[[ Provided material, beginning ]]

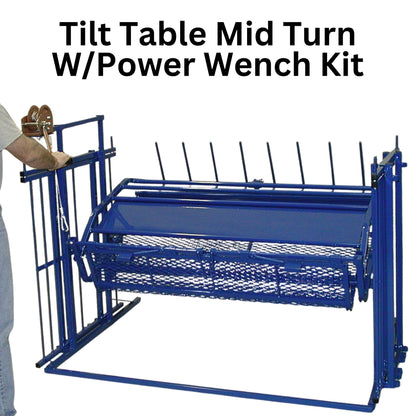 Tilt Table Power Wench Kit for Sheep & Goat Hoof Trimming | Sydell #0934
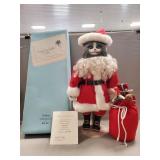 (1) Vintage Goebel "Santa Claws" Musical Cat Doll
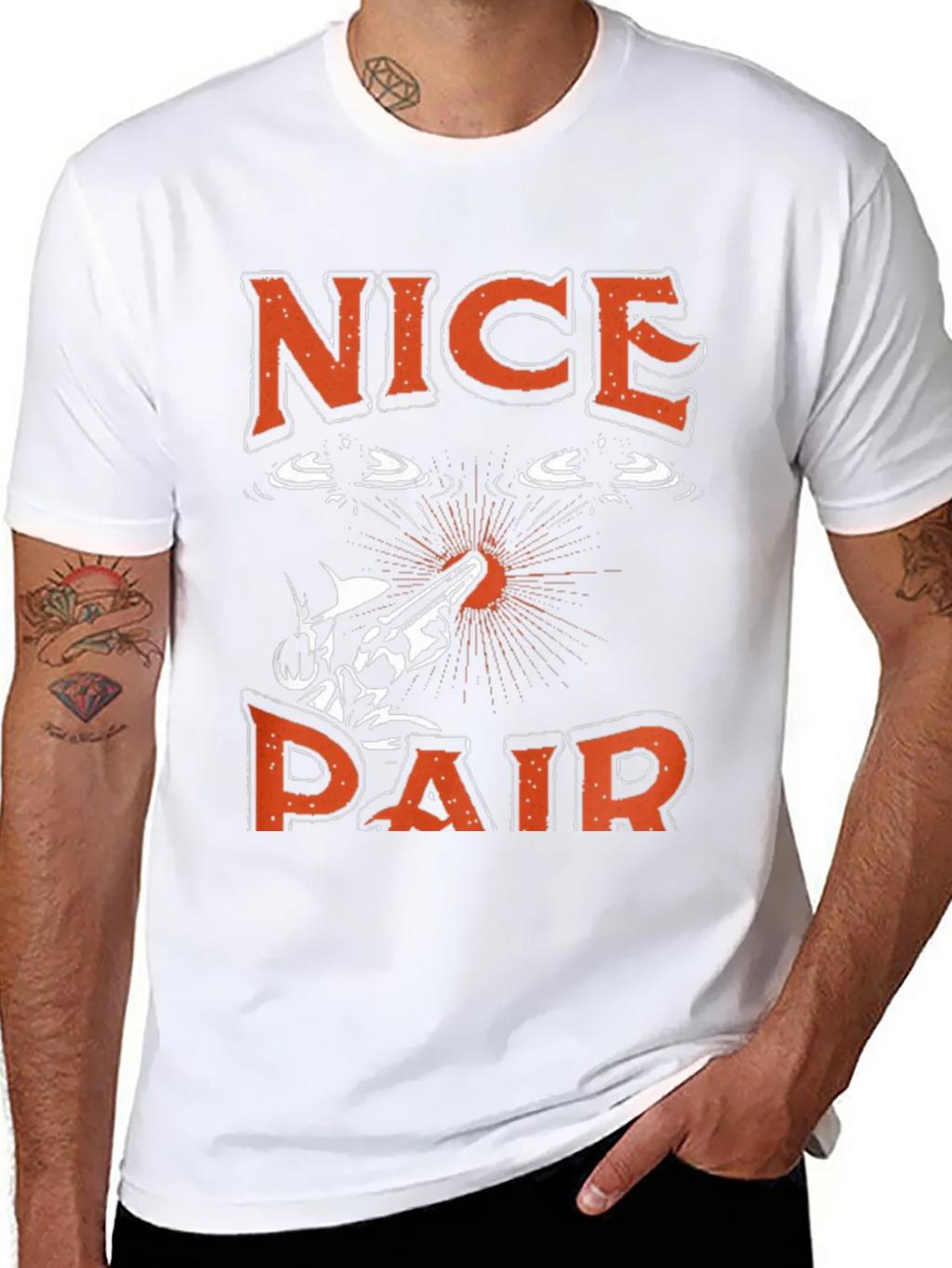 Nice Pair T-Shirt - Funny Fishing Graphic Tee product image 10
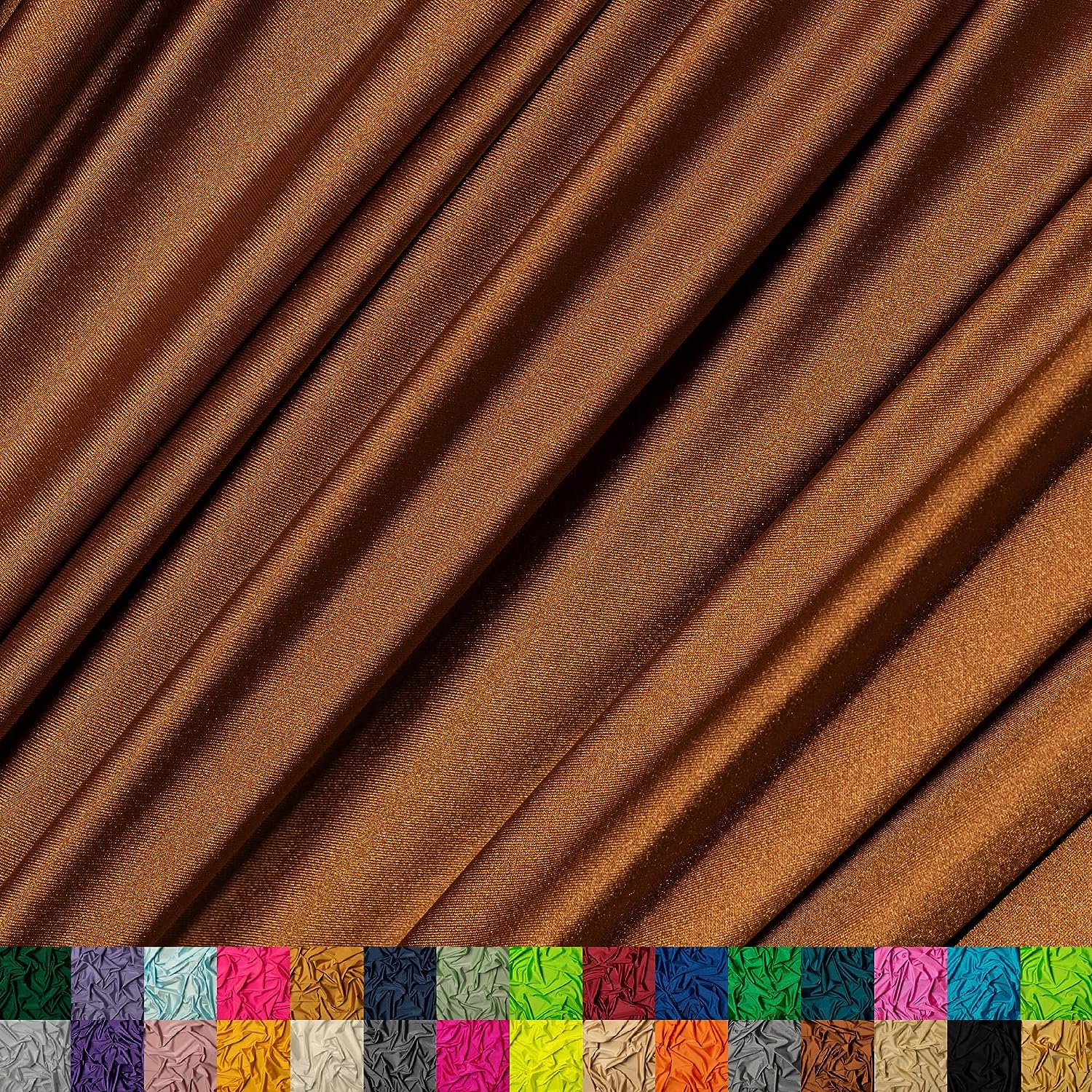  ITY Fabric Polyester Lycra Knit Jersey 2 Way Spandex Stretch  58 Wide by The Yard (1 Yard, Black)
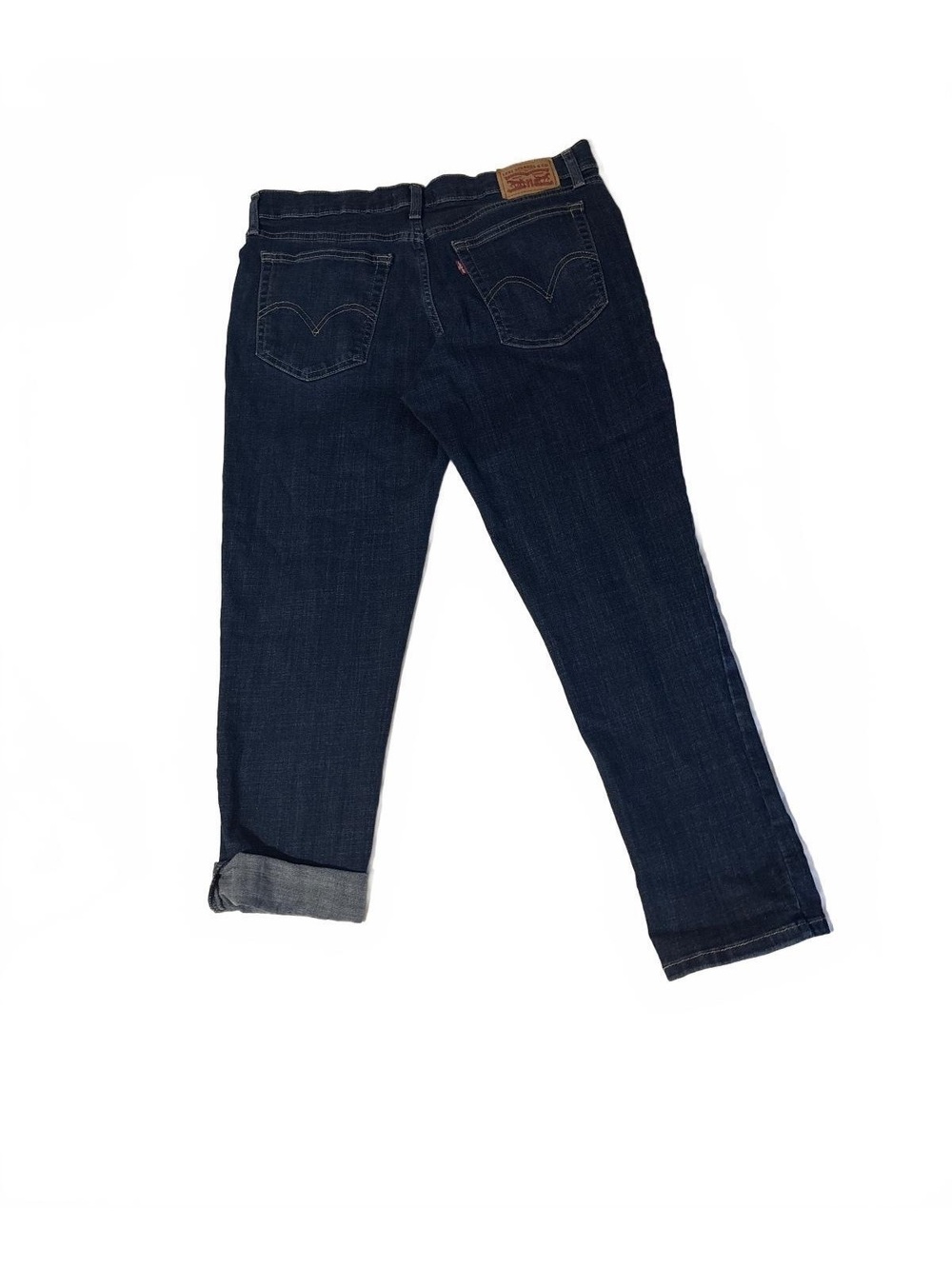Levi's Womens Boyfriend Jeans Size 30 Medium Wash Blue Stretch Denim Slouchy EUC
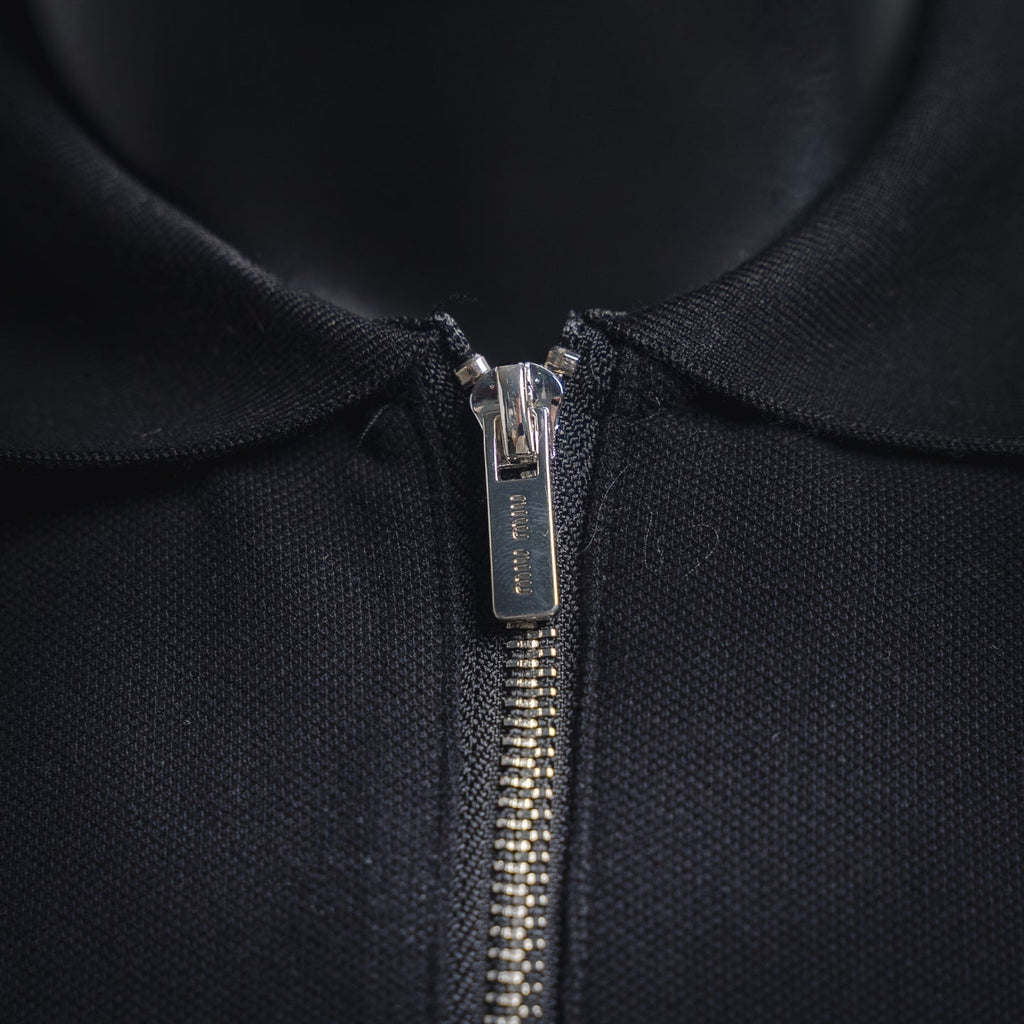 Miu 25ss zipper polo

[[ Provided material, end ]]

▸ What you need to do:
Lines from the one with "(1) Vintage Goebel" through the final line of the listing above: copy them exactly, both ends included, and omit every picture.

▸ Exercise solution:
 (1) Vintage Goebel "Santa Claws" Musical Cat Doll
 Nice Pair T-Shirt - Funny Fishing Graphic Tee product image 10
  ITY Fabric Polyester Lycra Knit Jersey 2 Way Spandex Stretch  58 Wide by The Yard (1 Yard, Black)
Levi's Womens Boyfriend Jeans Size 30 Medium Wash Blue Stretch Denim Slouchy EUC
 Miu 25ss zipper polo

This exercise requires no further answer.